Because Phoenix is solar-powered and landing near the north pole, it will only be able to operate during the northern summer.  Once the Sun has sunk too low to charge Phoenix's batteries, the mission will end.  The lander is not expected to survive the Martian winter.

  • Launch: August 4, 2007 at 5:26 EDT
  • Mars equinox (northern spring): December 10, 2007
  • Landing: planned for May 25, 2008
  • Digging phase start: one week after landing
  • Mars solstice (northern summer): June 25, 2008
  • Digging phase end: September 2008 (90 sols after landing)
  • Mission end: November or December 2008, whenever the Sun can no longer power the spacecraft
  • Mars equinox (northern fall): December 26, 2008
The sun sets on Phoenix
The sun sets on Phoenix
As the Sun sets on Phoenix and polar twilight begins, the spacecraft will no longer be able to charge its batteries and will shut down.

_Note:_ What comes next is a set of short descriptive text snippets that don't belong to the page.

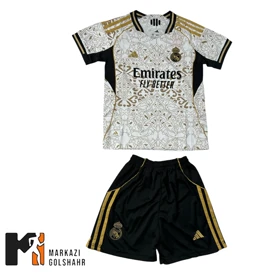 کیت فوتبالی رئال سفید طلایی بچه گانه کد 2018005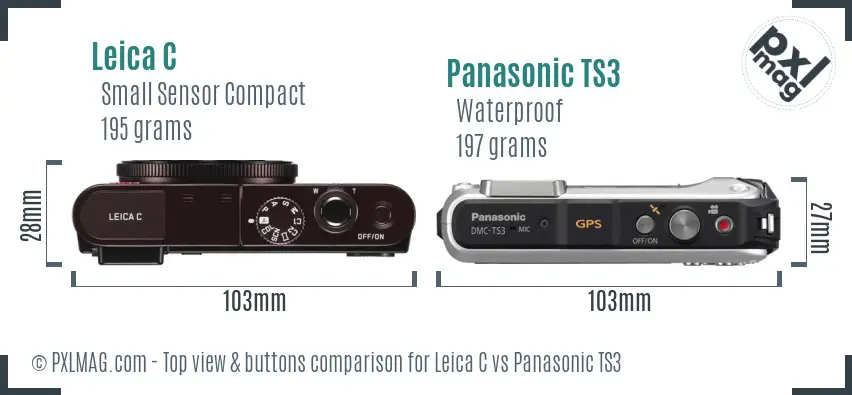Leica C vs Panasonic TS3 top view buttons comparison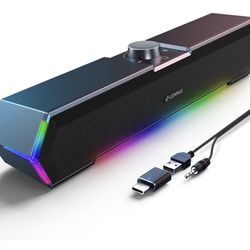 LENRUE G11 Computer Speakers For Desktop, Touch Lights PC Speakers With Surge Clear Sound, USB C/USB Powered For Computer Desktop PC Laptop Monitor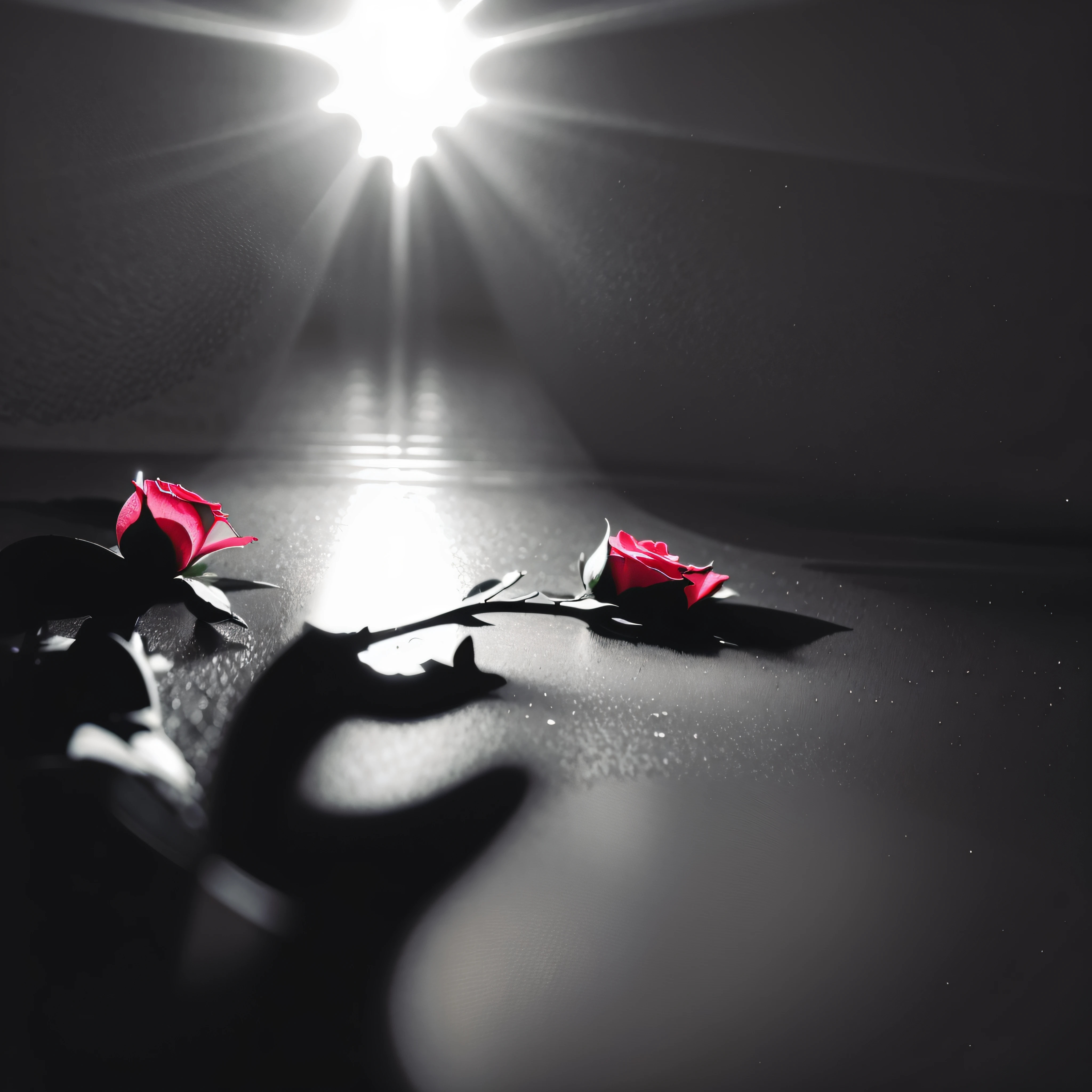 There are two roses that are sitting on a table, roses in cinematic light, soft light melanchônica pink, alto contraste de claro e escuro, com um fundo escuro preto, luz solar severa, with dramatic lighting, com luz de fundo, luz e sombra brilhantes, luz e sombra brilhantes, dramatic contrasting light, high contrast cinematic light, Foto tirada com Nikon D750, com a qualidade da rosa ultra realista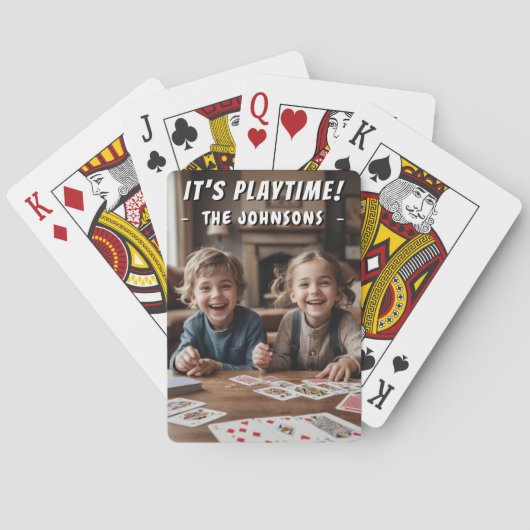 遊び時間だ！かわいいキッズファミリーカスタマイズの写真 トランプ (裏面)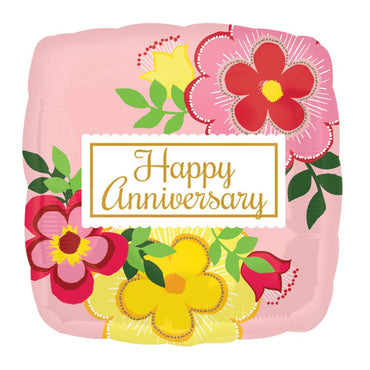 Flowery Anniversary Square Foil Balloon 45cm Balloons & Streamers - Party Centre - Party Centre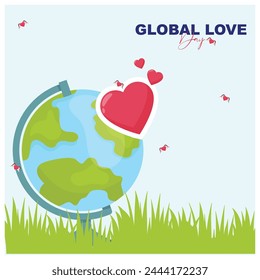 Vector illustration Global Love Day editable post banner template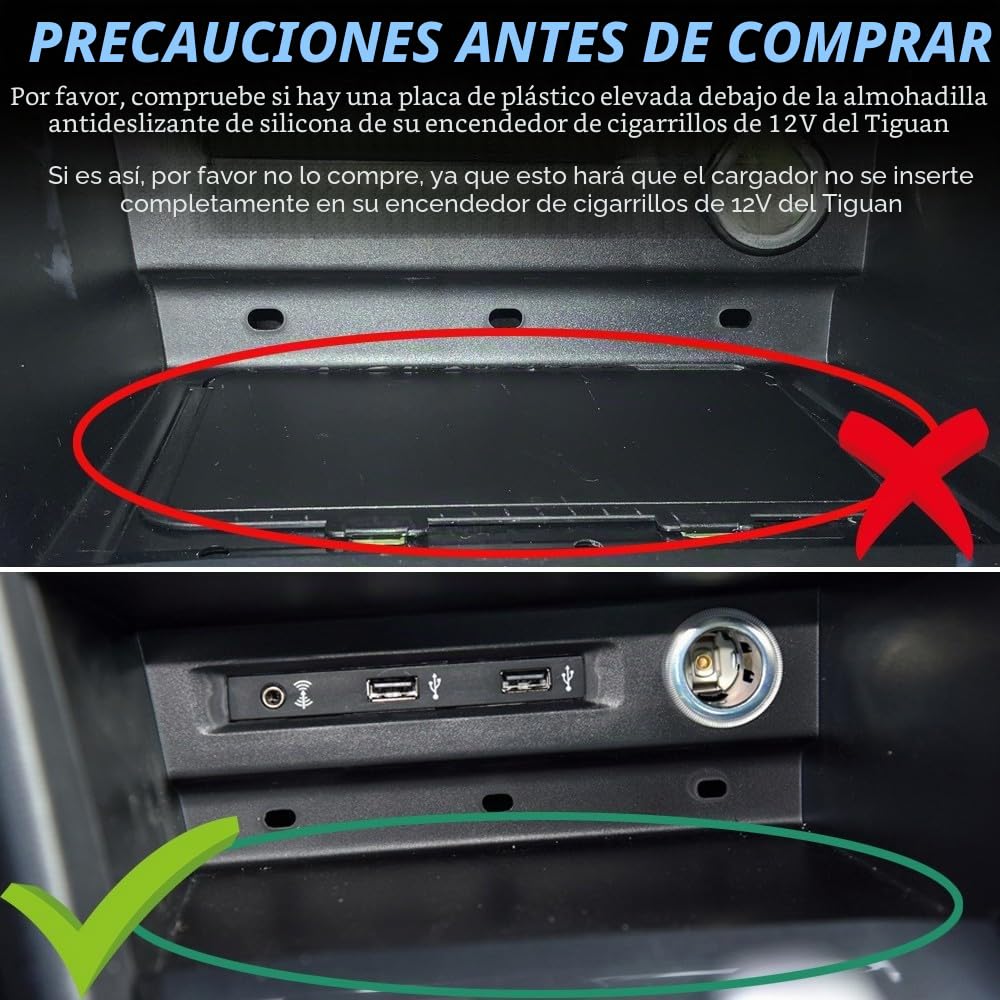 Cargador de Coche Inalámbrico para Volkswagen VW Tiguan 2017 2018 2019 2020 2021, 15W Carga Rápida Coche Teléfono Cargador con 18W QC3.0 USB, para Volkswagen Tiguan Interiores Accesorios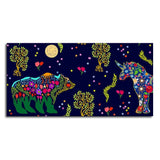 Folk Art Night Bears Canvas Wall Painting - Decor Smart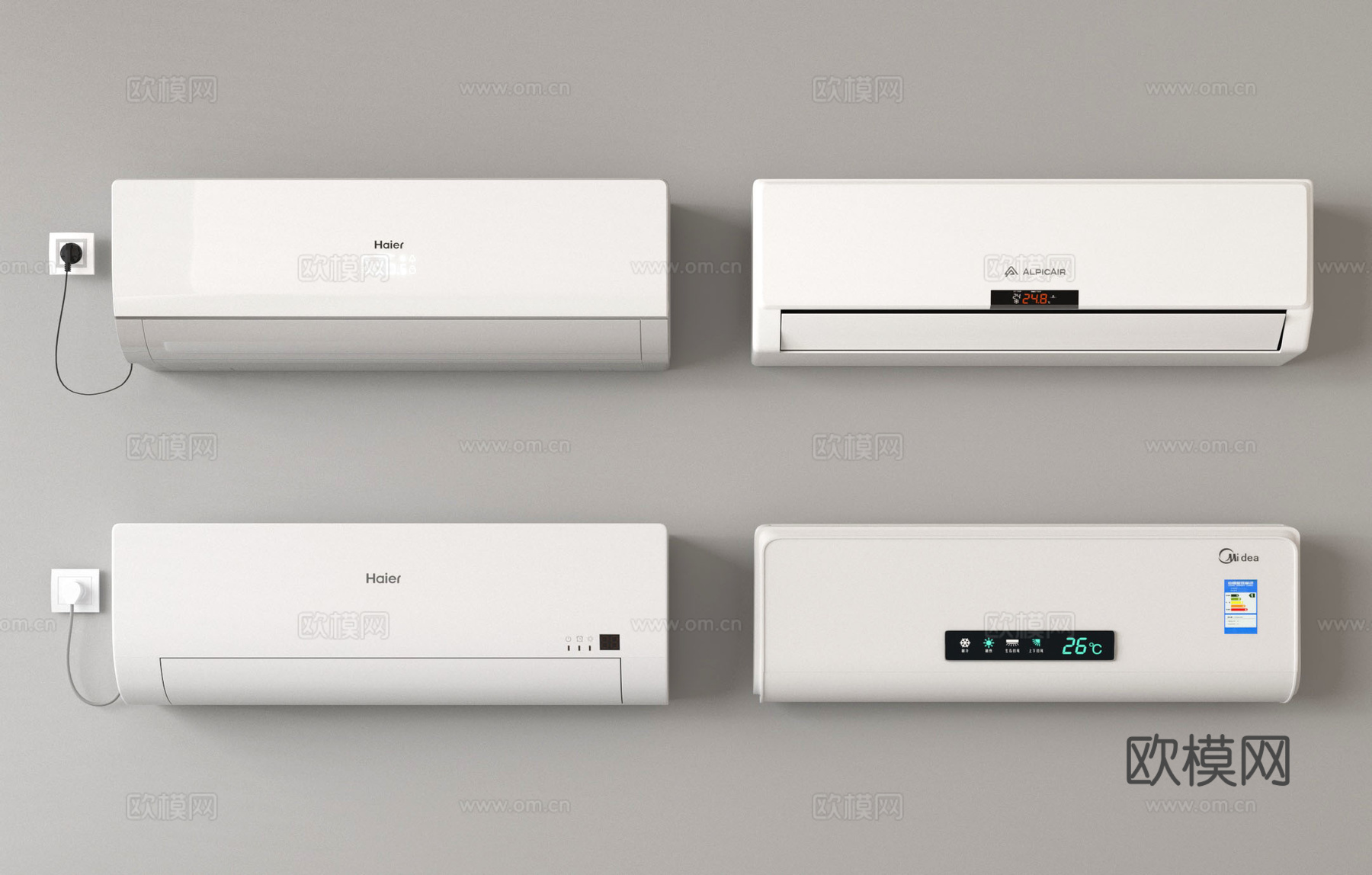 现代空调 壁挂式空调su模型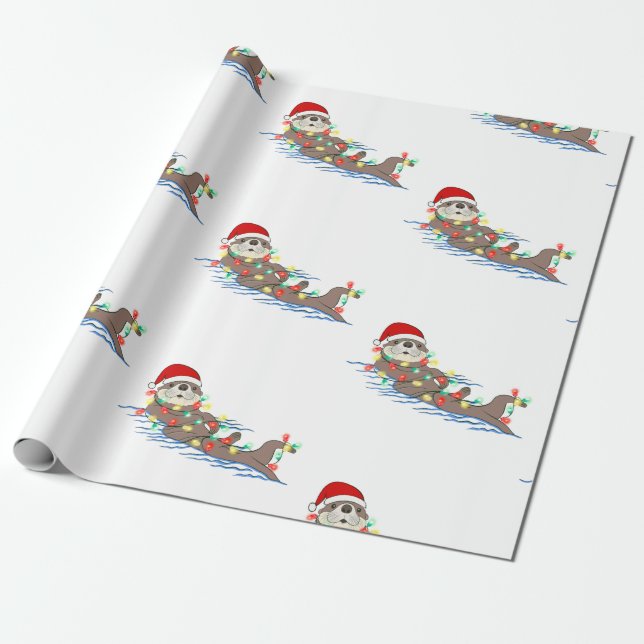 Papel De Regalo navidades feos santa claus otter (Desenrollado)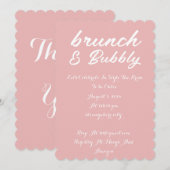 BRUNCH & BUBBLY BRUIDSDOUCHE UITNODIGING ROZE (Voorkant / Achterkant)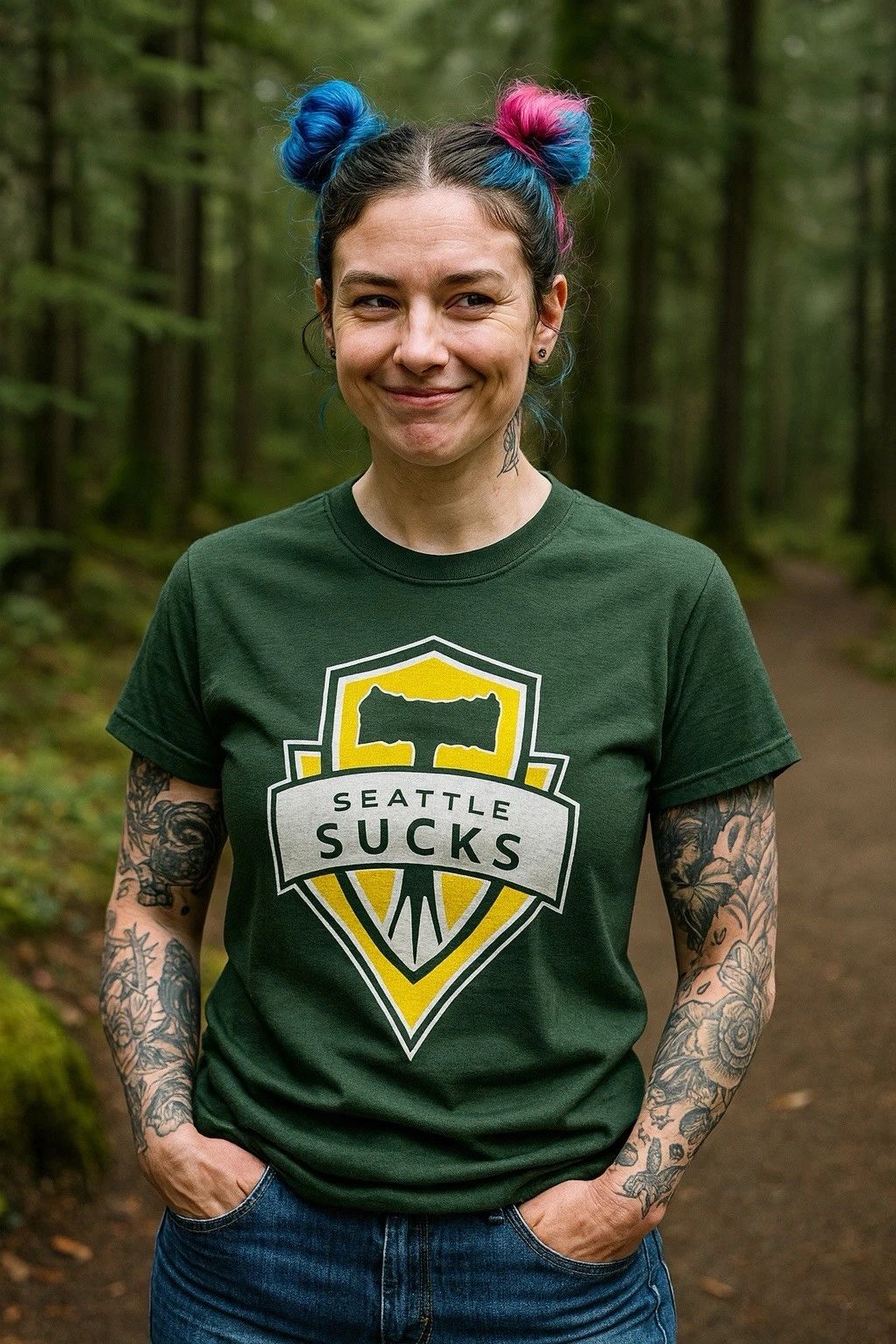 Seattle sucks graphic tee Meme Streetwear minimalistic Funny Unisex T-shirt, Sweatshirt, Hoodie, Long Sleeve Tee - T-Shirt, Sweatshirt, Hoodie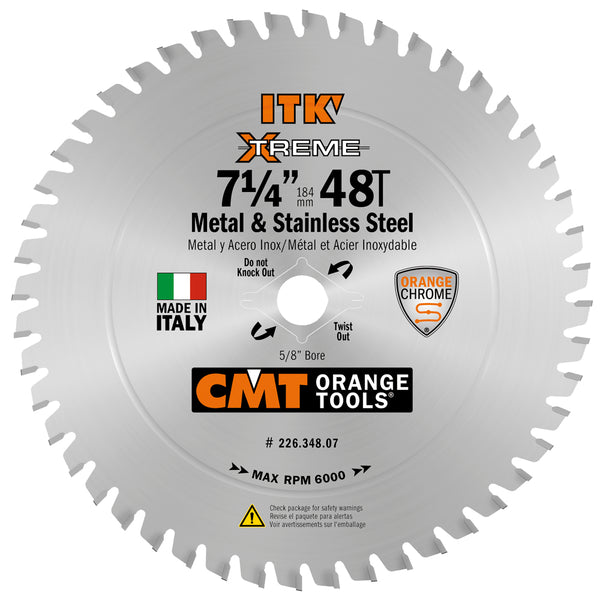 CMT Orange Tools 226.348.07 METAL & STAINLESS STEEL 7-1/4”x0.080”/0.065”x5/8”  T=48 FWF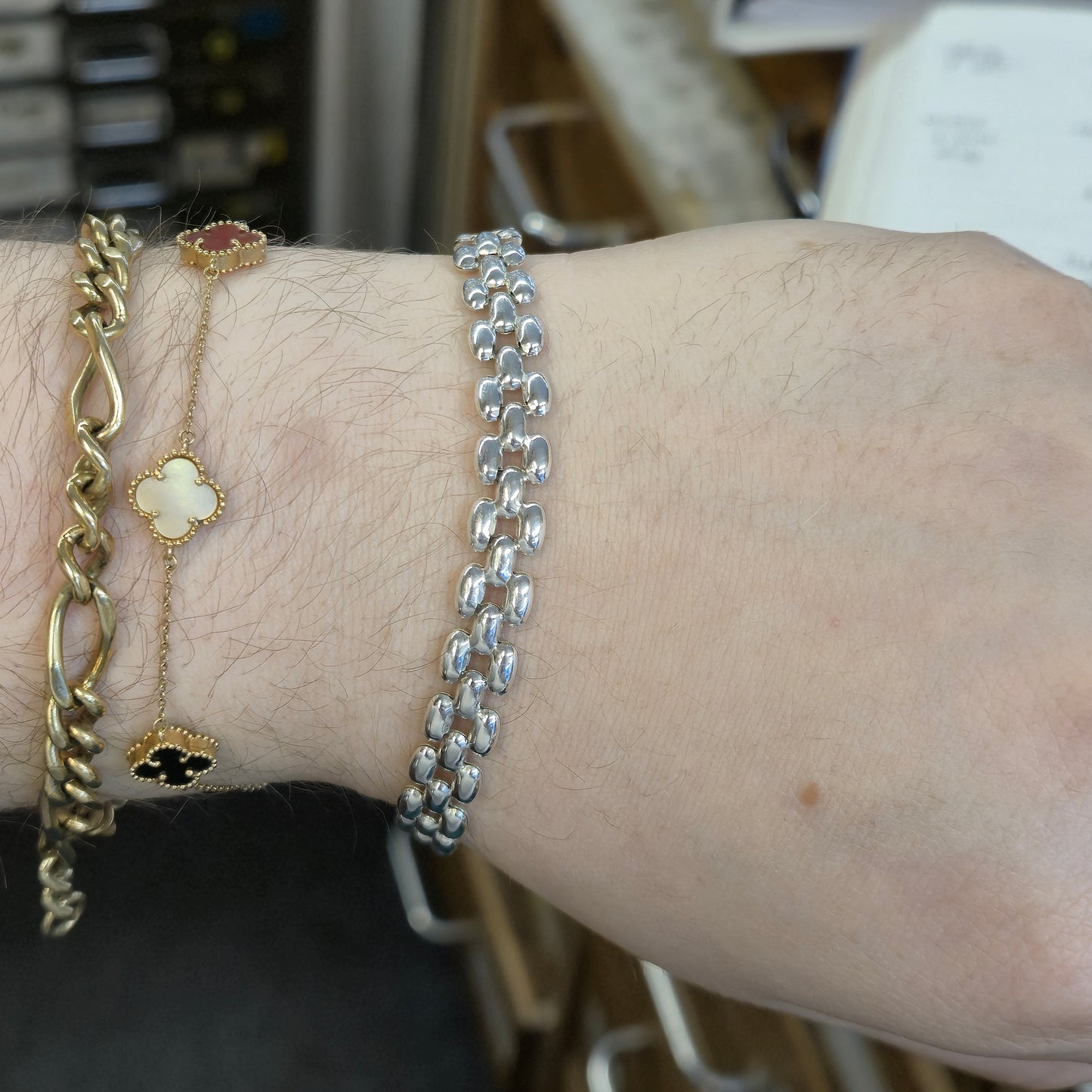 Sterling Silver Hollow Bubble Y Link Bracelet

Later in the winter, the spacecraft will become buried in ice. Credit: NASA / UA / art by Corby Waste

The digging phase will comprise eight-sol cycles that include four sols of digging and monitoring the trench followed by four sols of sample analysis by the MECA and TEGA instruments.  The nominal mission plan accounts for seven of these cycles (plus reserve time,) over the first 90 sols.  After this digging phase has ended, Phoenix will continue to operate as a polar weather station, conserving power as long as possible.  The cameras will search for the first carbon dioxide frost deposits while the MET instrument will monitor the weather conditions.

Landing Site

For a safe landing and for ample solar power, the site must satisfy the following constraints:

  • be between 65 and 72 degrees north latitude;
  • lie below an elevation of -3,500 meters
  • have winds blowing at less than 20 meters per second
  • have surface slopes shallower than 16 degrees; and
  • have the same or fewer number of rocks scattered across the surface as at the Viking 2 Lander site (which had a rock areal abundance of 18%). 
Phoenix landing sites under consideration as of January 2007
Phoenix landing sites under consideration as of January 2007
After a landing site working group meeting in January 2007, three sites were under consideration for the future landing site of Phoenix:
Box 1 68.35 N, 233.0 E
Box 2 66.75 N, 247.6 E
Box 3 71.20 N, 253.0 E
(Note that the longitude lines on this Viking-derived map are in west, not east, longitude. The Mars longitude convention was changed from west to east longitude in 2001.) Credit: USGS

Studies of potential landing sites by spacecraft orbiting Mars led NASA to approve a landing site at 68.35 degrees north latitude -- the equivalent of northern Alaska -- and 233.0 degrees east longitude.